Going to the moon is expensive. Each kilogram of fuel carried by a spacecraft has to be picked up from Earth, burning more fuel. That’s why aerospace engineers and orbital mechanics researchers spend so much time looking for the smallest potential for how a spacecraft travels. A reduction of a few meters per second here and there could save millions of dollars per mission. Now, an international team of researchers says they have precisely found a more efficient route between Earth and the Moon, calculated using advanced computer modelling, and it was hidden in plain sight the whole time.

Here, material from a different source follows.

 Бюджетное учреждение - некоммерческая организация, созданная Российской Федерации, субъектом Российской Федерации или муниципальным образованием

How gravity powers spacecraft through interplanetary transportation networks for free

To understand why this discovery matters, it helps to understand how spacecraft actually move. Engines burn only for a short period of time. For most of the journey, spacecraft rely on the gravitational pull of the planets, moons, and Sun to take them on natural routes through the solar system. These gravity-determined routes are often referred to as interplanetary transportation networks, and they run through the solar system like invisible highways. Using them is, in fact, free propulsion.So, finding a cheaper route to the Moon has a lot to do with gravity, specifically the gravitational pull of both the Earth and the Moon. Researchers studying these paths create what are called “variates”, natural trajectories that lead a spacecraft toward a desired orbit without the need for constant engine thrust. The question is always which part of diversity to enter and from which direction.

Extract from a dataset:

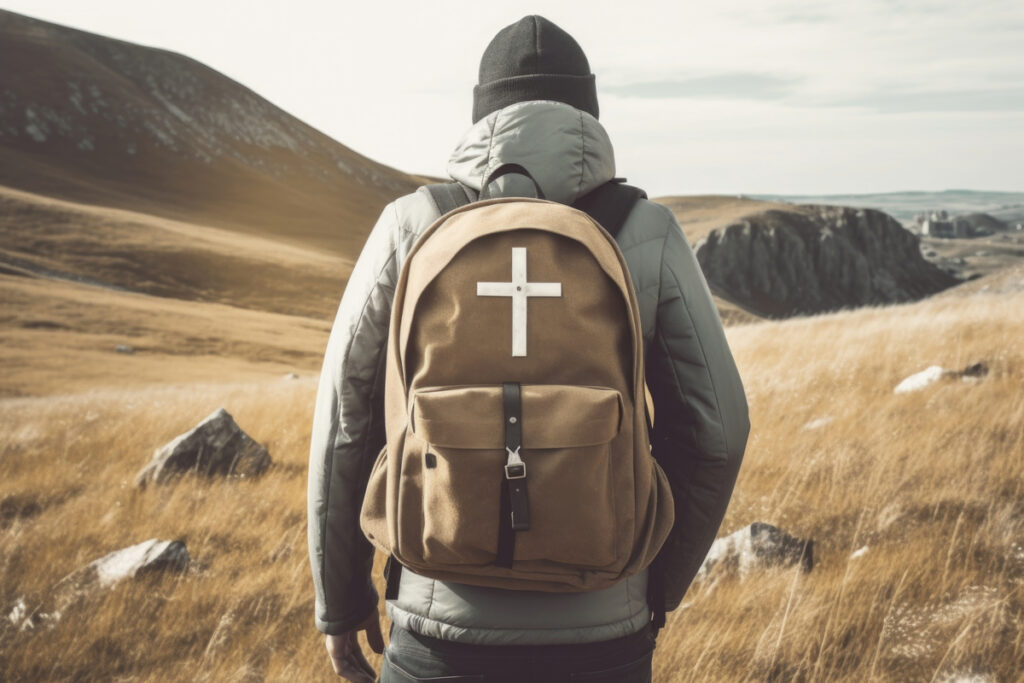 A person hiking through a rugged landscape with a backpack marked by a cross, symbolizing the journey of faith and the call to stand firm in spiritual warfare while navigating the challenges of the spiritual realm.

Counter-intuitive discovery that turns traditional lunar navigation upside down

This is where this new research took an unexpected turn. Conventional thinking held that the most logical approach was to enter lunar orbit at its closest point to Earth, which was the obvious, intuitive choice. But researchers found that it’s actually better to approach that diversity from the opposite direction. “Instead of assuming that it is easy to choose the part closest to Earth, we can use systematic analysis with fast methods to find non-trivial solutions,” said study co-author Vitor Martins de Oliveira, a postdoctoral researcher at the University of Sao Paulo in Brazil. In other words, turning around proves to be more efficient than going straight.

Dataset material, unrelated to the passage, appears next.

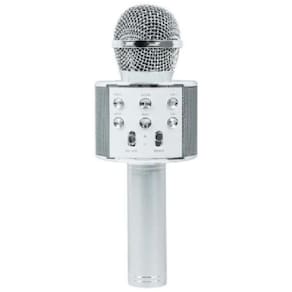 Microfone Ws 858 Bluetooth Karaokê Silver - Handheld Ktv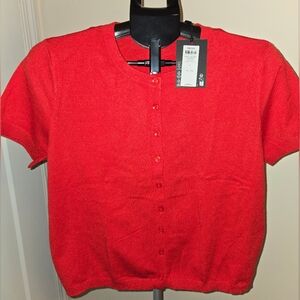 Women's Chic Red Short Sleeve Knit Button-Up Cardigan Cropped Large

How 30 million simulations led researchers to a more fuel-efficient moon route

The method behind the discovery is rooted in the theory of functional connections, a mathematical framework that reduces the computational load required to run complex orbital simulations. Using this approach, the team simulated 30 million different routes to the Moon, with 280,000 simulations referenced in their published study. That scale of analysis would have been much more difficult to conduct using older methods, which is why this particular pathway had never been identified before. The newly reported route consumes 58.80 meters per second less fuel than the previous cheapest known route. It may not sound dramatic, but in orbital mechanics, delta-v, the measure of velocity change required from the spacecraft’s engines, is the currency of mission planning. Lower delta-v means less fuel, less mass at launch, and lower costs at every stage of the mission.

Why does this new lunar trajectory also eliminate communication blackouts in space?

Efficiency gains aren’t the only benefit. The orbit the researchers propose also maintains uninterrupted communication with Earth, which existing routes do not always guarantee. “For example, the Artemis 2 mission lost contact with Earth for a period of time because it was directly behind the Moon,” Oliveira said. The new trajectory avoids that problem entirely, keeping the spacecraft in constant contact with ground stations throughout the journey.

What the discovery of the lunar route means for the future of lunar space missions

The researchers are careful to present this as a start rather than a final answer. Their modeling took into account only the gravity of the Earth and the Moon. Future research could include additional variables such as the Sun’s gravitational influence, potentially leading to even more cost-effective trajectories.“The systematic analysis we applied in our work could be more widely adopted going forward,” said Alan Cardec de Almeida Jr., a researcher at the University of Coimbra in Portugal and lead author of the study.The study was published in the journal Astrodynamics in April. As agencies and private companies plan an ambitious slate of lunar missions in the coming decade, the value of the equipment that makes those trips cheaper and more reliable will only increase. It, it turns out, was always there just waiting to be found on the other side.